Linkin Park singles chronology
| "Leave Out All the Rest" (2008) | "New Divide" (2009) | "Not Alone" (2010) |

Audio sample
- file; help;

Music video
- "New Divide" on YouTube

= New Divide =

"New Divide" is a song by American rock band Linkin Park. The song was released as a standalone single, and was also recorded specifically for the soundtrack to Michael Bay's film Transformers: Revenge of the Fallen. It was written by the band and produced by band member Mike Shinoda. It also serves as the film's main theme and was released as the soundtrack's lead single on May 18, 2009, by Reprise Records.

"New Divide" was widely acclaimed by professional critics and remains one of the most popular songs in Linkin Park's discography. It is one of the few songs to top the US Rock Songs, Alternative Songs, and Hot Mainstream Rock Tracks at the same time. It is one of the band's highest-charting songs, peaking at number 6 on the US Billboard Hot 100. Its working title was "Megatron".

==Background==
Linkin Park's "What I've Done" is on the first Transformers soundtrack and was played in the trailer for a short second. Mike Shinoda first alluded to "New Divide" on March 28, 2009, stating, "We've been working on a new song in the past couple of weeks that has been a lot of fun. The backdrop for the song is built on layered, heavy synths and a sharp performance by [the band's drummer,] Rob Bourdon." On April 24, Shinoda revealed that they were working with film score composer Hans Zimmer, writing various interpretations of "New Divide" to serve as thematic elements for the film. When discussing the Transformers sequel with Blabbermouth, Michael Bay said, "I love Linkin Park... they really delivered with 'New Divide' — it's a great song that perfectly matches the film's intensity." Parts of the intro were used in the final Transformers trailer.
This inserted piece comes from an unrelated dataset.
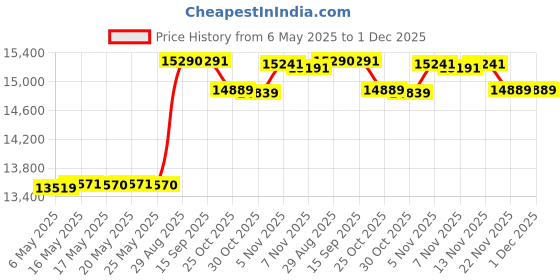 amazon.in Toogel Hook On High Chair With Removable Dining Tray,Folding Portable Clip On Table High Chair,Baby Chair With Storage Bag For Indoor/Outdoor(Black) toogel Price History Graph from 6 May 2025 to 30 Nov 2025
The cue "NEST" from Steve Jablonsky's Revenge of the Fallen musical score features instrumental excerpts from "New Divide". Linkin Park worked with award-winning composer Hans Zimmer to rework "New Divide" into the musical score. As a result, the song was featured prominently in the film, with instrumental clips of it played several times throughout, in addition to the song being played during the end credits. The song was later adopted as the theme/opening song for the NHL's San Jose Sharks. The song also plays as the background music for the Medal of Honor E3 multiplayer trailer.

A live version of the song is included as a B-side to "The Catalyst" and a bonus track for the Japanese release of A Thousand Suns. The studio version of the song is also included as the B-side to "Iridescent".
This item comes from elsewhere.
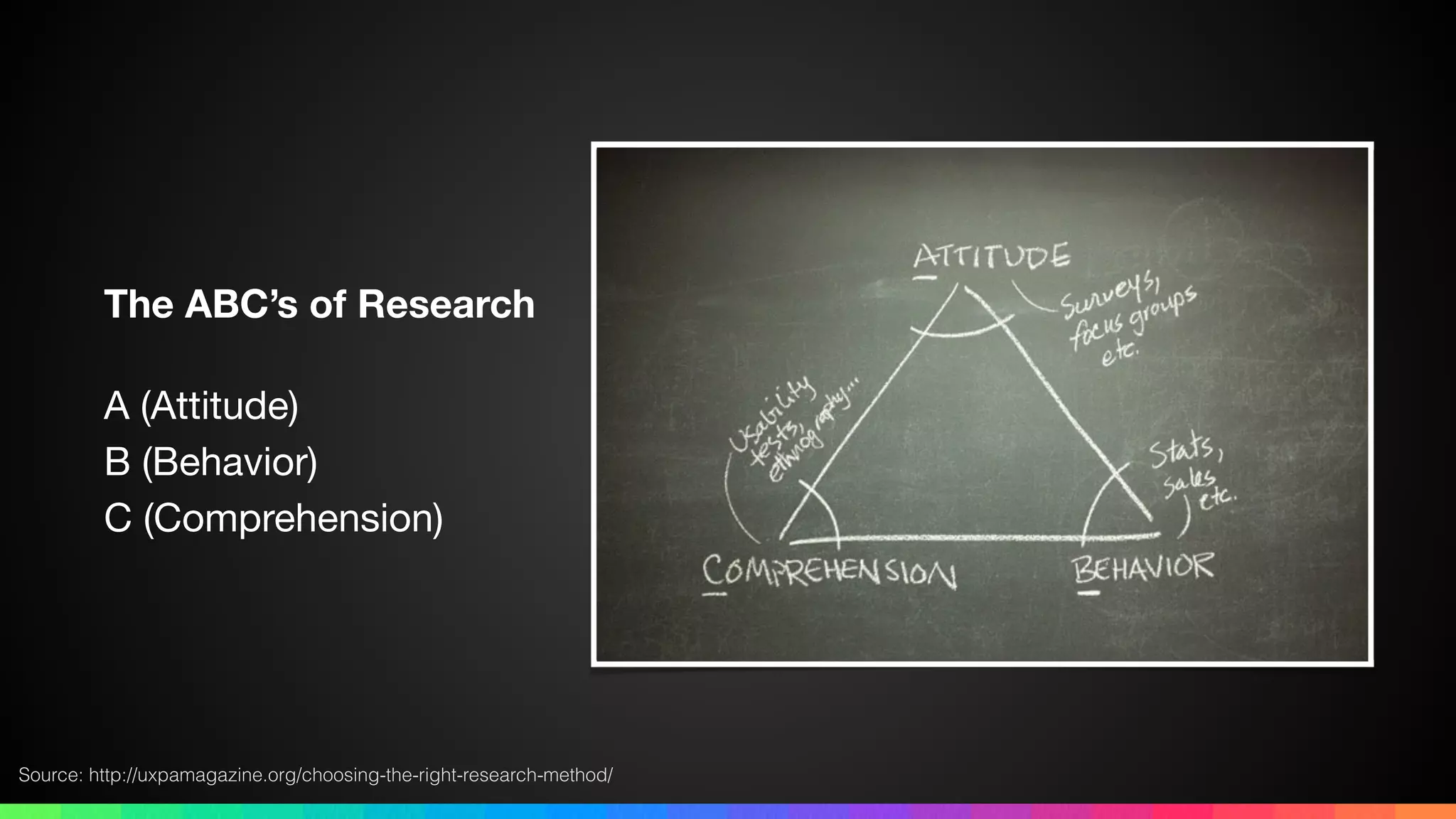 The ABC’s of Research
A (Attitude) 
B (Behavior) 
C (Comprehension)
Source: http://uxpamagazine.org/choosing-the-right-research-method/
On September 4, 2012, "New Divide", along with "Breaking the Habit", "Shadow of the Day", and "Burn It Down", were released in the "Linkin Park Pack 02" as downloadable content for the music rhythm video game Rock Band 3.

The instrumental version of this song was also featured on the Weather Channel's Local on the 8's playlist in January and February 2012.

In 2024, "New Divide" was included on the compilation album Papercuts (Singles Collection 2000–2023).

==Composition==
The song is composed in the key of F minor in 4/4 time. The song employs a verse-chorus-verse format, with the second chorus being cut short by a mechanically-themed breakdown meant to emulate the iconic "transforming" sound effect from the Transformers franchise.

==Critical reception==
"New Divide" received critical acclaim upon its release. Fans lauded it for its aptitude and appeal as the movie's soundtrack. Much of the song's criticism from reviewers is that of the structure, claiming it is too similar to past Linkin Park singles, as well as sounding very similar to "What I've Done" which was used in Transformers. Videos posted on YouTube show similarities in structure between the two songs. One of the reviews was from Chris Williams of Billboard Magazine, who wrote:

" 'New Divide' fits the sci-fi genre: spacious, moody and futuristic. Lead vocalist Chester Bennington gives one of his more straightforward vocal performances, deftly balancing his usual rock edge with a more melody-focused pop vocal. It's a welcome return that should satisfy the band's fan base and bring in some new fans as well."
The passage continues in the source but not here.